(Beginning of Data for analysis)

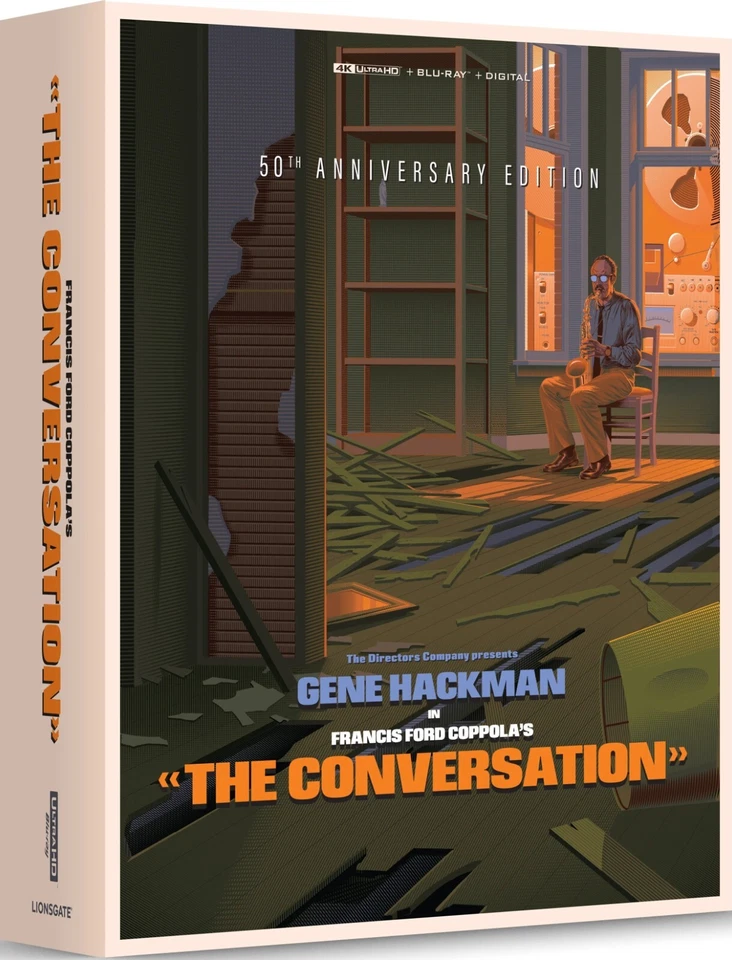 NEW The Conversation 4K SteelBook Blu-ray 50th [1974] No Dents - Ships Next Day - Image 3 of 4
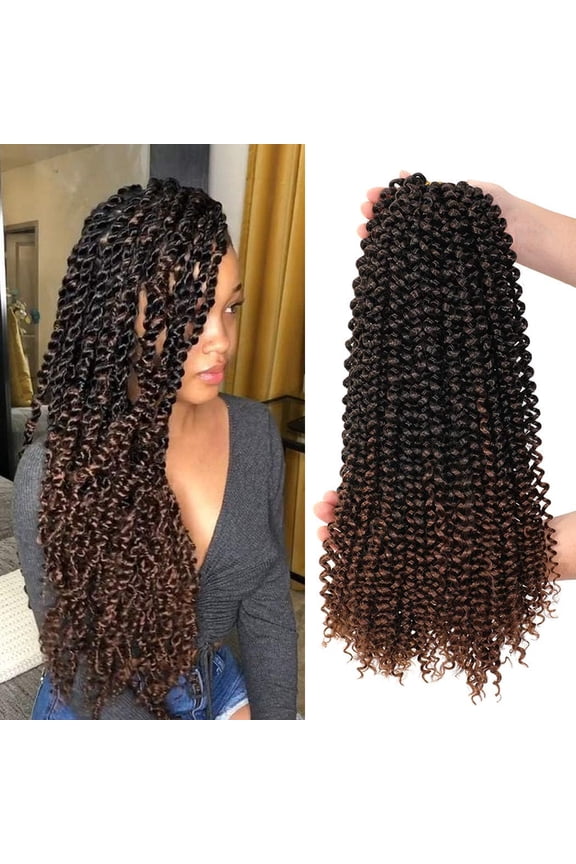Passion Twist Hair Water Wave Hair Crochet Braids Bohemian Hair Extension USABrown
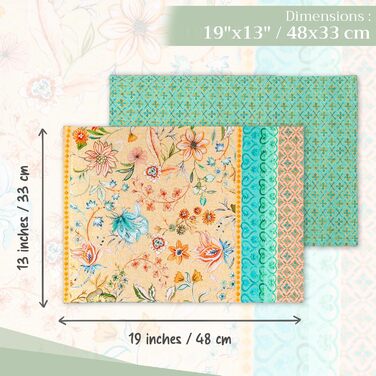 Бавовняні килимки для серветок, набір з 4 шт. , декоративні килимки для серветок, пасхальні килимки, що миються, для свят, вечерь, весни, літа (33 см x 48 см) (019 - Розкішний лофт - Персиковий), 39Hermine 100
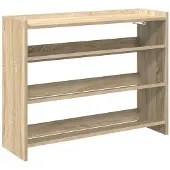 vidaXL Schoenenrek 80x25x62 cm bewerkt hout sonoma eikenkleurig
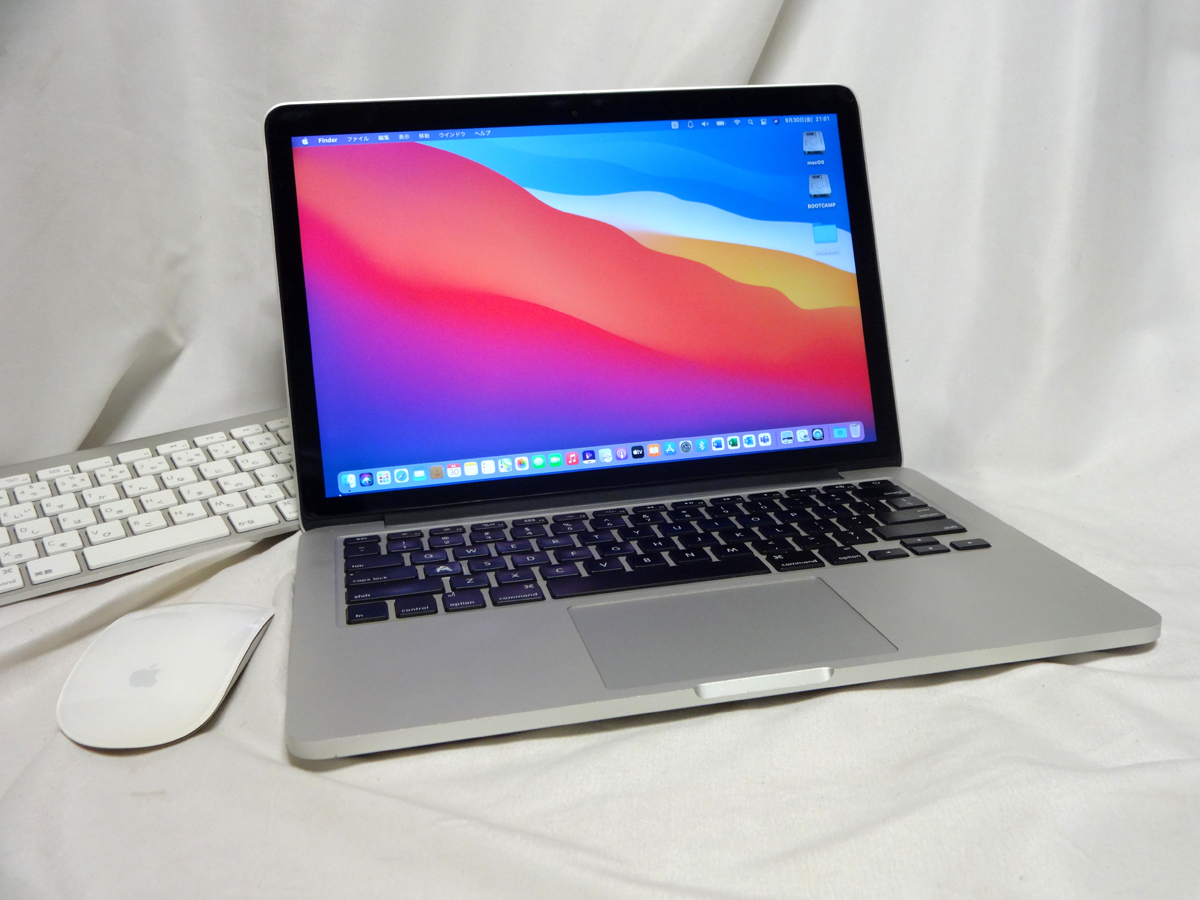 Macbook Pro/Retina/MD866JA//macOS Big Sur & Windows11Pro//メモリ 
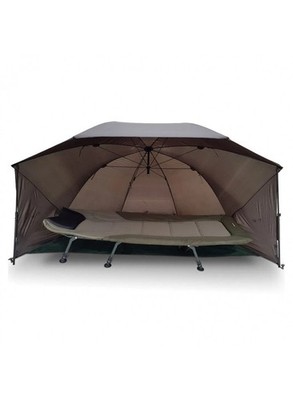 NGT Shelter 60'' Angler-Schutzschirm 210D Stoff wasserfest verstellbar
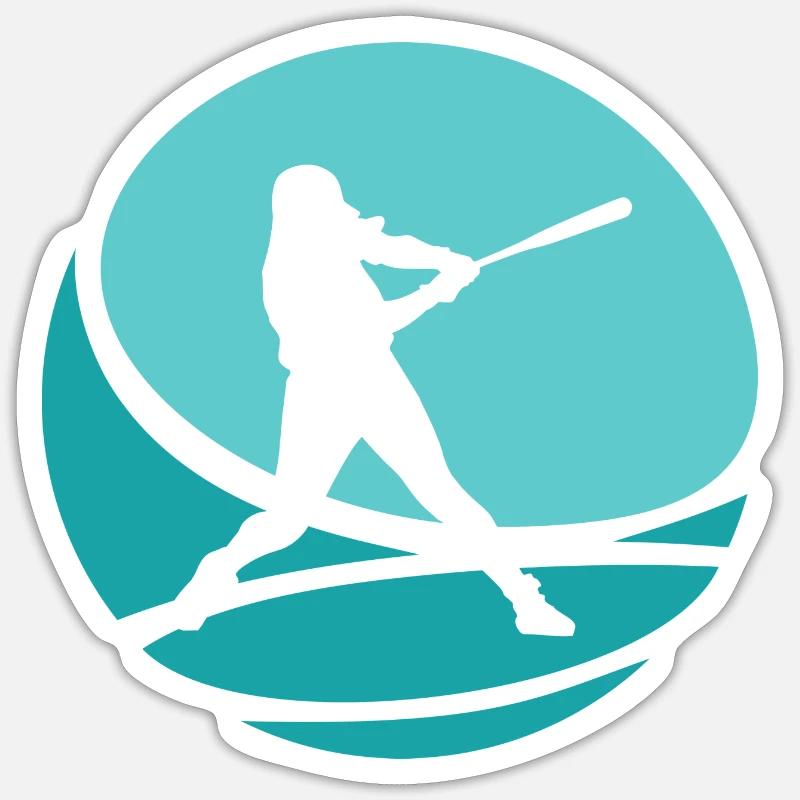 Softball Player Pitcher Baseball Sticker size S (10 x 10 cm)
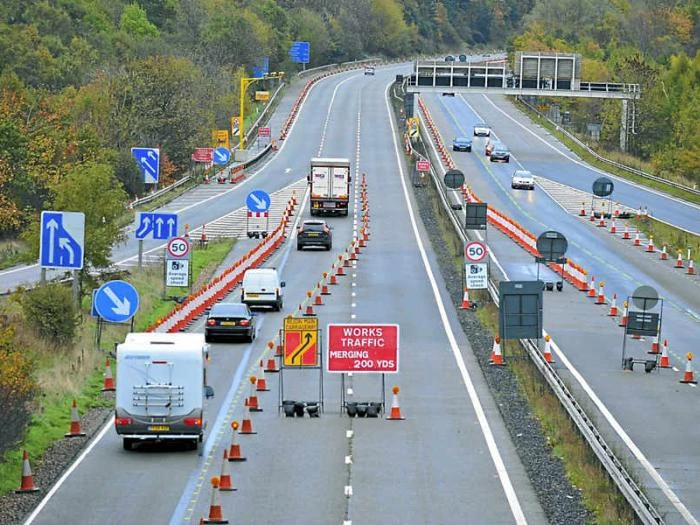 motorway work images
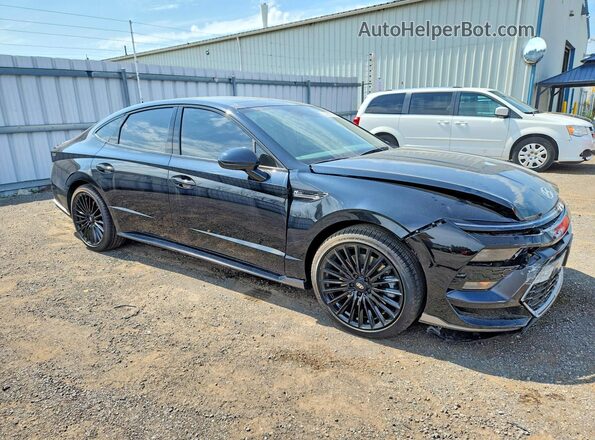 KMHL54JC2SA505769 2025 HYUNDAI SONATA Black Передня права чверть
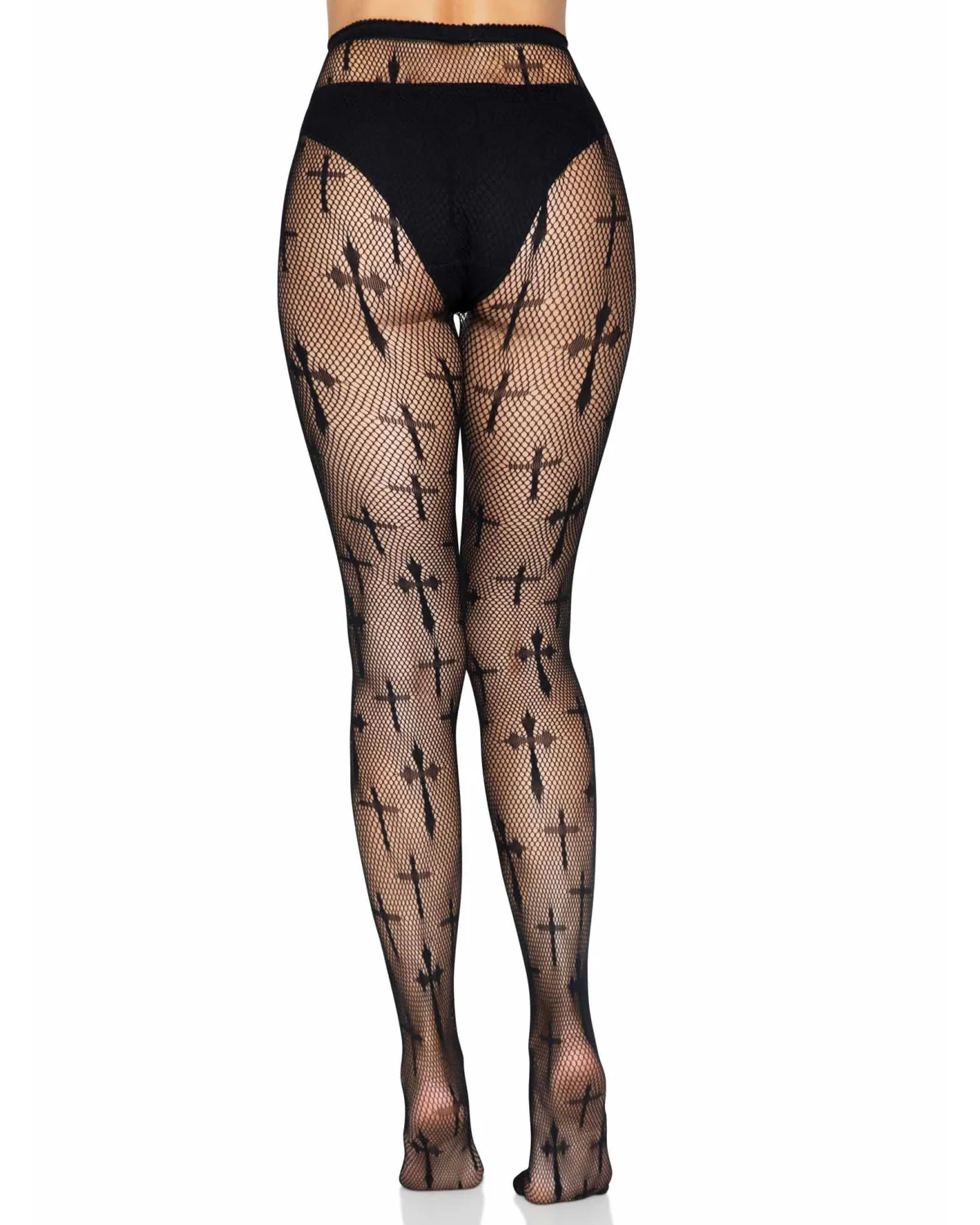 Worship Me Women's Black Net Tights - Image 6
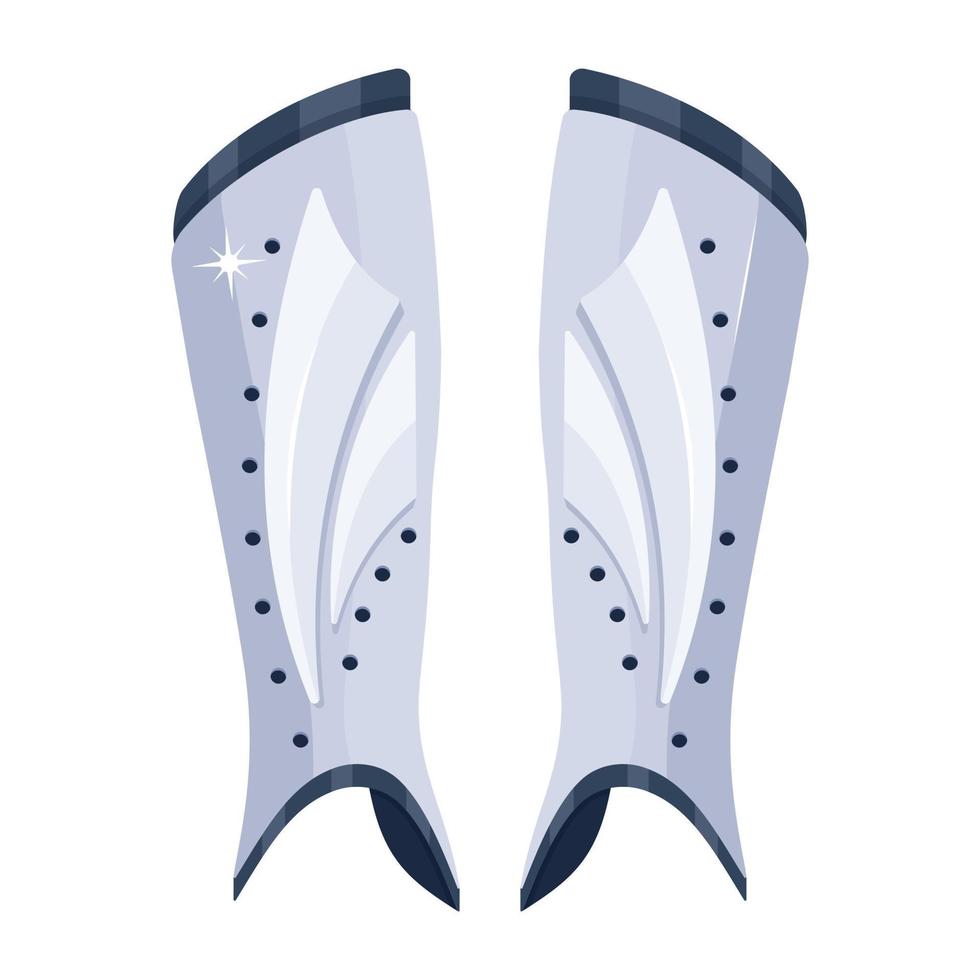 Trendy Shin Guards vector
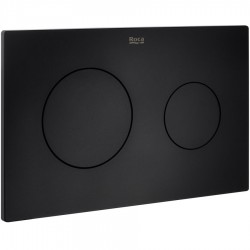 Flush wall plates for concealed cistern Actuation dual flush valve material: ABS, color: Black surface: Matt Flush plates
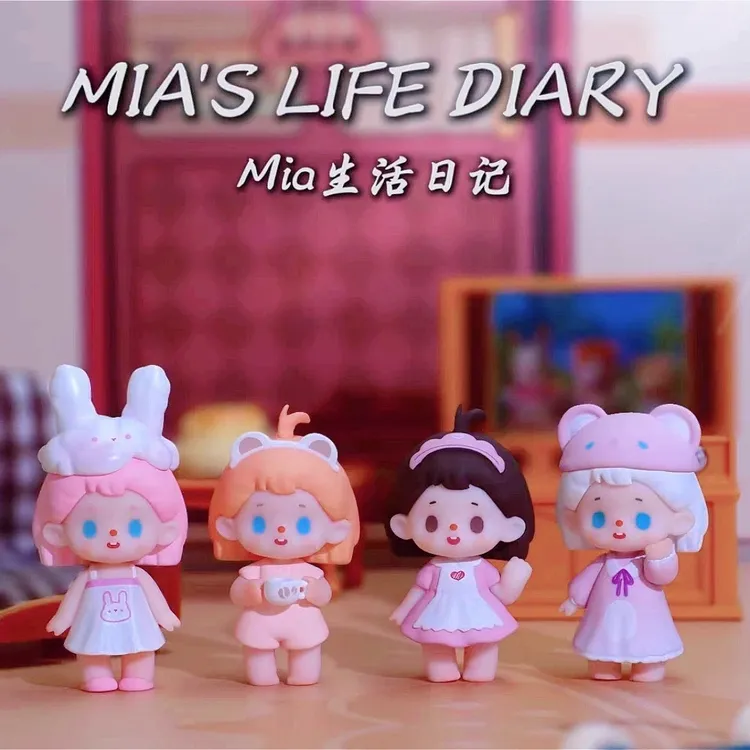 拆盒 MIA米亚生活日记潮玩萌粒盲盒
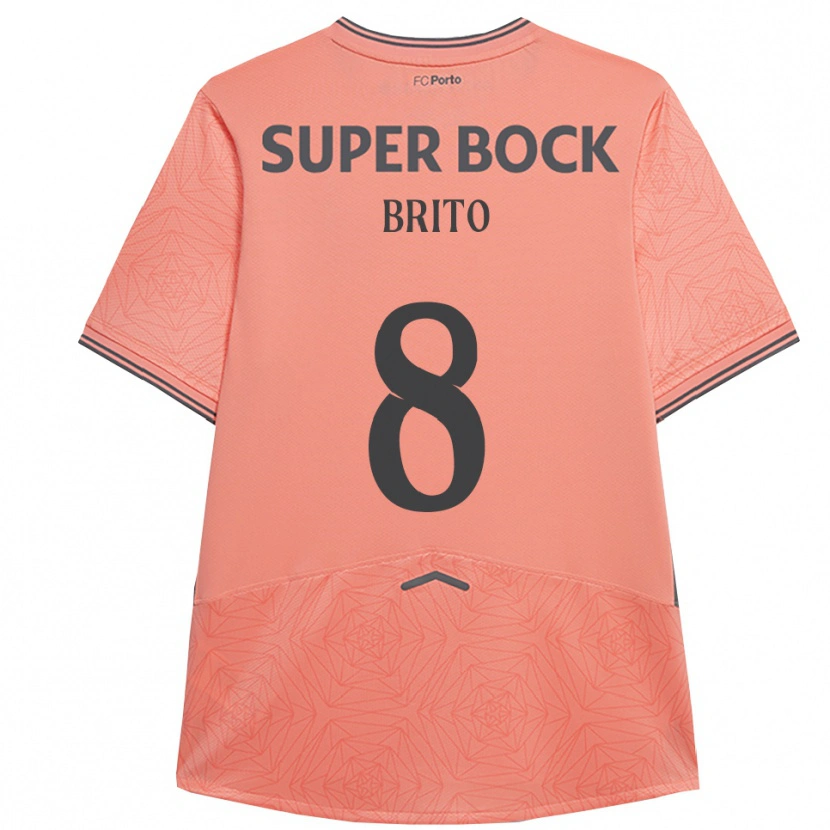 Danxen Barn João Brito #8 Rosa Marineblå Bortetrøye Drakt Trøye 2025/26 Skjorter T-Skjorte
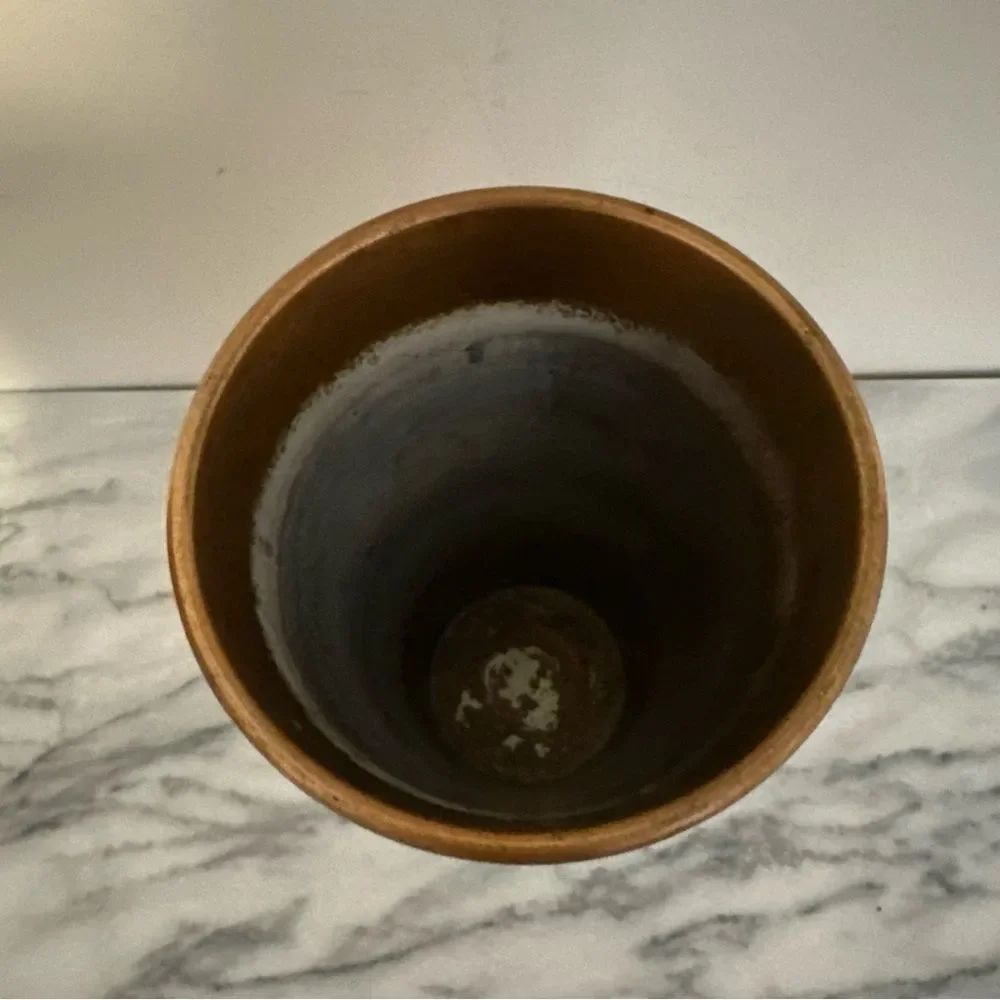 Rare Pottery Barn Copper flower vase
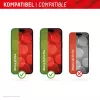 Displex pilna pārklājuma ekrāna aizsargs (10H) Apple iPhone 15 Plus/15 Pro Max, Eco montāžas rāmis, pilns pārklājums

(End of Data for analysis)

Could you copy the lines above exactly and skip the images?

**Output of the task:**
 NEW The Conversation 4K SteelBook Blu-ray 50th [1974] No Dents - Ships Next Day - Image 3 of 4
Passion Twist Hair Water Wave Hair Crochet Braids Bohemian Hair Extension USABrown
 Бавовняні килимки для серветок, набір з 4 шт. , декоративні килимки для серветок, пасхальні килимки, що миються, для свят, вечерь, весни, літа (33 см x 48 см) (019 - Розкішний лофт - Персиковий), 39Hermine 100
 vidaXL Schoenenrek 80x25x62 cm bewerkt hout sonoma eikenkleurig
 Macbook Pro/Retina/MD866JA//macOS Big Sur & Windows11Pro//メモリ 
 NGT Shelter 60'' Angler-Schutzschirm 210D Stoff wasserfest verstellbar
 Softball Player Pitcher Baseball Sticker size S (10 x 10 cm)
 motorway work images
 KMHL54JC2SA505769 2025 HYUNDAI SONATA Black Передня права чверть
 Worship Me Women's Black Net Tights - Image 6
 Trendy Shin Guards vector
 Flush wall plates for concealed cistern Actuation dual flush valve material: ABS, color: Black surface: Matt Flush plates
 拆盒 MIA米亚生活日记潮玩萌粒盲盒
 Danxen Barn João Brito #8 Rosa Marineblå Bortetrøye Drakt Trøye 2025/26 Skjorter T-Skjorte
 Rare Pottery Barn Copper flower vase
 Displex pilna pārklājuma ekrāna aizsargs (10H) Apple iPhone 15 Plus/15 Pro Max, Eco montāžas rāmis, pilns pārklājums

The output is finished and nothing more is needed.